Outside of the programme, there were plenty of great highlights this year. The Ceildh was enormous fun, as ever. One of the Ceildh highlights is seeing incongruous celebrities joining in with the whole thing and this year Kim Cattrall impressed everyone with her ability to do some pretty exhausting dance moves in high heels. Also spotted on the dance floor: Clancy Brown, Jodie Whitaker, Dougray Scott, Dominique Pinon and Denis Lavant (the latter two not together, sadly).

Similarly, Kevin Smith turned out to be a superb guest, staying most of the week and doing lengthy, crowd-pleasing Q&As after each Yoga Hosers screening, as well as doing three hours and ten minutes instead of the billed ninety in his Evening With Kevin Smith event.

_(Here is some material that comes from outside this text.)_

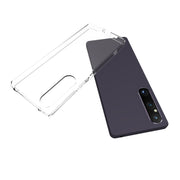 For Sony Xperia 1 V Water-resistant Texture TPU Phone Case(Transparent)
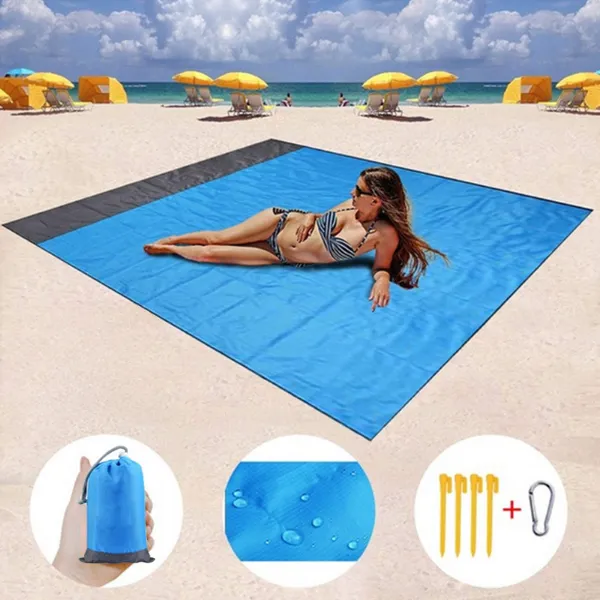 Couverture de plage de pique-nique imperméable, tapis de poche, séchage rapide, surdimensionné, Portable, doux et léger, DLH868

And on a personal note, three of my festival highlights came in the wonderful retrospective section, namely, a midnight screening of Modesty Blaise (which I hadn’t seen in 30 years and only then in a pan-and-scanned TV version – it was absolutely wonderful on the big screen), a screening of Kurosawa’s Dersu Uzala (which I’d never seen) and weird Japanese sex-manga Belladonna of Sadness, which really has to be seen to be believed.

So, all in all, a damn fine Edinburgh, even if it perhaps wasn’t quite what I was expecting from the 70th year.